*Directions*: The answer is to be the data that follows, transcribed exactly, minus its pictures.
··· Provided data
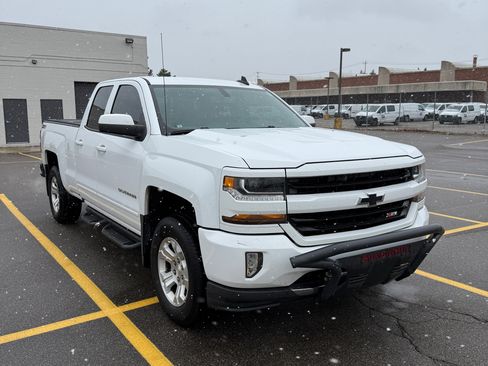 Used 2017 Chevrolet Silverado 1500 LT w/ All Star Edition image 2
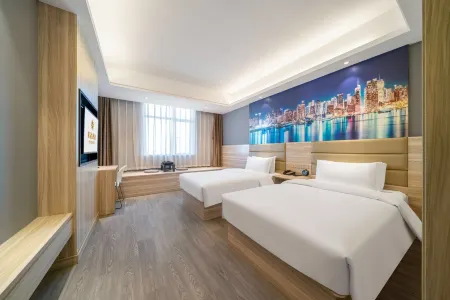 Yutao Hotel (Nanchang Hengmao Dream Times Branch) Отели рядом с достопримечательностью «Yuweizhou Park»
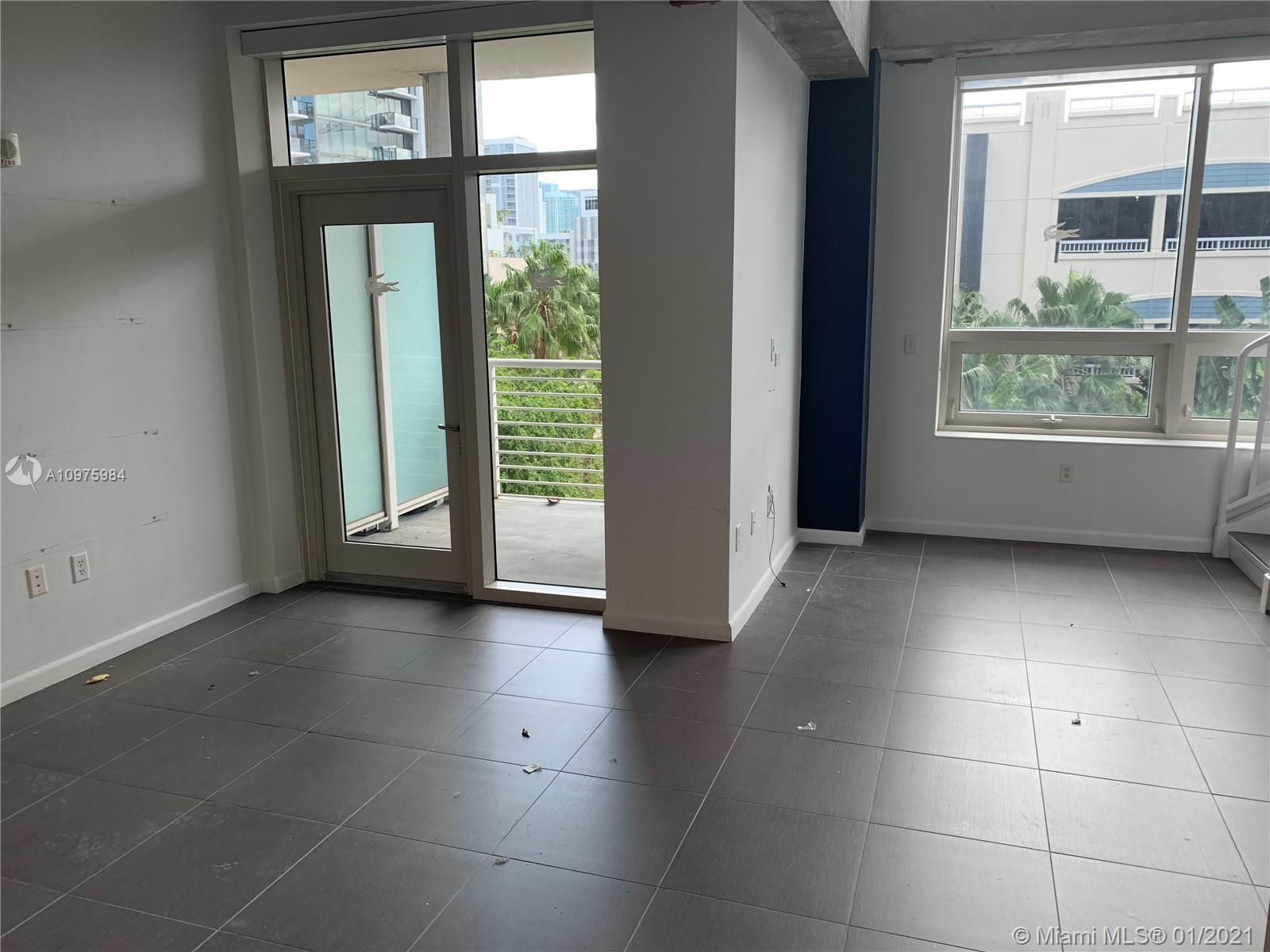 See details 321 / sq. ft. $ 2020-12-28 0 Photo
······
*Expected answer*:
 Used 2017 Chevrolet Silverado 1500 LT w/ All Star Edition image 2
 Yutao Hotel (Nanchang Hengmao Dream Times Branch) Отели рядом с достопримечательностью «Yuweizhou Park»
 See details 321 / sq. ft. $ 2020-12-28 0 Photo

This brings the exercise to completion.